Now for the additional commentary that I would like to add. The first one is by Gary North, a Calvinist economist, who wrote an “economic commentary” on the book of Leviticus (you can download the commentary at this link). I suppose that I should state up front that I don’t care much for some of Gary North’s writings. He makes no bones that he doesn’t like dispensationalism and, as far as I am concerned, hasn’t been too careful in painting dispensationalists with a very broad, and unflattering, brush. Being a dispensationalist I don’t like that very much.

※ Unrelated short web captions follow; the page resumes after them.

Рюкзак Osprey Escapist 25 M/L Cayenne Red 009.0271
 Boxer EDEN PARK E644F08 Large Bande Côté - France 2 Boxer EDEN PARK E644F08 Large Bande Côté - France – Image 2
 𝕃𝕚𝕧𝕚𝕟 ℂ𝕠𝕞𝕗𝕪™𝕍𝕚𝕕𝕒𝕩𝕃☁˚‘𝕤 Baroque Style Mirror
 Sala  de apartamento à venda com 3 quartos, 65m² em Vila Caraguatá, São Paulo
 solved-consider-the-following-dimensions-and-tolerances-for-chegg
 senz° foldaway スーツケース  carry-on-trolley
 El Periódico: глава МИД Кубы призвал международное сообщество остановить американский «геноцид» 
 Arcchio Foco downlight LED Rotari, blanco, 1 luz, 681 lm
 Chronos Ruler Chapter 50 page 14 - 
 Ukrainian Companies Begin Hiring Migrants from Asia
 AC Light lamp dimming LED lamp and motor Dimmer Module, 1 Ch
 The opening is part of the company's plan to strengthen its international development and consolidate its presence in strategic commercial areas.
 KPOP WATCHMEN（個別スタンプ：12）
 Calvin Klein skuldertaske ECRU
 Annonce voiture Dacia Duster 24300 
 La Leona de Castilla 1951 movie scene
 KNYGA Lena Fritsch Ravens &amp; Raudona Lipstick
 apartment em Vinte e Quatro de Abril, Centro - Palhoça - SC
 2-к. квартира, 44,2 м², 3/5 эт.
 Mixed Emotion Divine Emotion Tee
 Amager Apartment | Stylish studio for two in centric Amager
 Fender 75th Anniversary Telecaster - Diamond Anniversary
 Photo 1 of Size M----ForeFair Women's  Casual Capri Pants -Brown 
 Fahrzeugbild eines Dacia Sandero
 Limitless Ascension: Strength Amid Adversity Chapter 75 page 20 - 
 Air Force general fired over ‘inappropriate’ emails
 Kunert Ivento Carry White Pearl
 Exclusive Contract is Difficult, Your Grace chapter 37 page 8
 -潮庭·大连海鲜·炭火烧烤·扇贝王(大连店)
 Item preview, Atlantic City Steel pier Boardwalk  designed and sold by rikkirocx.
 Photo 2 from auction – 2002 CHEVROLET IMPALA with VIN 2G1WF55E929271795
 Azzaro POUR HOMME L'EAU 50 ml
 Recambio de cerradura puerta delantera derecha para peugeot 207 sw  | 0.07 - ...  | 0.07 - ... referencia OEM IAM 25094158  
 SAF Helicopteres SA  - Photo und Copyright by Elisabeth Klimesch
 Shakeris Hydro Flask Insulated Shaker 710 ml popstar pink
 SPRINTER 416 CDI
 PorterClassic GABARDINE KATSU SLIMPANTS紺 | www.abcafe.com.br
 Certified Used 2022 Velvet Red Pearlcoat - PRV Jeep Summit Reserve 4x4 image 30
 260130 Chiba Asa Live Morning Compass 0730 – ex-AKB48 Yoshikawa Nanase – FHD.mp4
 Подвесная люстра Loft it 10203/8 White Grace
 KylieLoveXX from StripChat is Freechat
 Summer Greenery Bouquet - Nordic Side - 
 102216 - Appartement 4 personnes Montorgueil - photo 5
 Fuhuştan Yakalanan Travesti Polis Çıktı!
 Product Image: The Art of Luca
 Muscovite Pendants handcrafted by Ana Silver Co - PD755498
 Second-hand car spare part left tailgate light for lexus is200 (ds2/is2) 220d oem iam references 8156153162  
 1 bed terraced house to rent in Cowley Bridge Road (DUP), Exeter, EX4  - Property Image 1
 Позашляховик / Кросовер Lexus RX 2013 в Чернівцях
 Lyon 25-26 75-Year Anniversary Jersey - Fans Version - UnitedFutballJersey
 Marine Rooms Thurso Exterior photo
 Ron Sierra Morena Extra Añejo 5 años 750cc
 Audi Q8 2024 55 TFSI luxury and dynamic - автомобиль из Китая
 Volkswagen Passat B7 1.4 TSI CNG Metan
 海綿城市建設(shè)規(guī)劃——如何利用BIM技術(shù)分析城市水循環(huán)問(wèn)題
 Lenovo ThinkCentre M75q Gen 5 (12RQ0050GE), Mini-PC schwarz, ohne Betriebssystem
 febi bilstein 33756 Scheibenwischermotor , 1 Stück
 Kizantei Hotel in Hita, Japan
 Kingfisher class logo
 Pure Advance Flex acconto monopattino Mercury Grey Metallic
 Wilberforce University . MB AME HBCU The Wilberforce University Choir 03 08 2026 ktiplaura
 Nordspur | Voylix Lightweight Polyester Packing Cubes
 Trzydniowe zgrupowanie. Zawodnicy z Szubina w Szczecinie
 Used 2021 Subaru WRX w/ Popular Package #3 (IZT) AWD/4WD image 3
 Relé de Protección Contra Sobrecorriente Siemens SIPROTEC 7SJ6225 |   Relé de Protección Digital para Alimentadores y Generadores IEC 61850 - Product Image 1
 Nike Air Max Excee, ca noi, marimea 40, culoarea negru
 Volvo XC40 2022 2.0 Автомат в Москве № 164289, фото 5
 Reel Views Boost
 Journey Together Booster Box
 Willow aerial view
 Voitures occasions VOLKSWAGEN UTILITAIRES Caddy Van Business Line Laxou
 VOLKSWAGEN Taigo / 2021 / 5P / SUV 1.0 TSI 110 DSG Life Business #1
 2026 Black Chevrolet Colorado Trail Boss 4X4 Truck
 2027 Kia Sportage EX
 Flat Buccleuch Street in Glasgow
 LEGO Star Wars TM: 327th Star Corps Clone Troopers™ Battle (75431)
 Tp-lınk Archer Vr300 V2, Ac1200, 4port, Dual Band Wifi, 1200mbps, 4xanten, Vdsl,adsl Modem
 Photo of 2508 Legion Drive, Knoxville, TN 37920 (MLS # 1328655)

Now that I have said that I will also state that Calvinists, like North, have spent time digging into Old Testament passages like this one that few others have bothered to study. Last week I posted on Leviticus 19:9-10 which is almost identical to this week’s passage of Leviticus 23:22. Why did the command get repeated? North seems to think he has the answer:
Leviticus 23:22 is a recapitulation of the gleaning law of Leviticus 19:9. The question is: Why did God here remind the Israelites of the landowners’ responsibility to the landless poor, at the end of the passage that set forth the laws governing Pentecost (“weeks”)? This question has baffled orthodox Bible commentators. S. H. Kellogg offers comments on Pentecost (vv. 15-21), but then skips verse 22 to begin commenting on the convocation of trumpets (vv. 23-25). Andrew Bonar refers back to Leviticus 19:9 and concludes: “In this manner, love to man was taught in these thanksgiving feasts, at the very time that love to God who so kindly gave them their plenty was called forth and increased.” He then goes on to offer an allegorical interpretation, with the gleaners as members of a remnant: gentiles in the Old Covenant, Jews in the New Covenant. “A feast is coming on that will unite Jew and Gentile in equal fulness.” But this does not explain why the gleaning law for the fields was repeated here, or perhaps more to the point, why it first appears in Leviticus 19:9 rather than here. Gordon Wenham thinks that the connection between Leviticus 19:9 and 23:22 may be the requirement to care for the poor: the Levites, the poor, and the stranger. There may be a link here: shared poverty. But why should the Levites and priests have been poor? They received the tithes and sacrifices of the tribes. They could also own real estate in the cities. The commentators are confused about the reason behind the recapitulation.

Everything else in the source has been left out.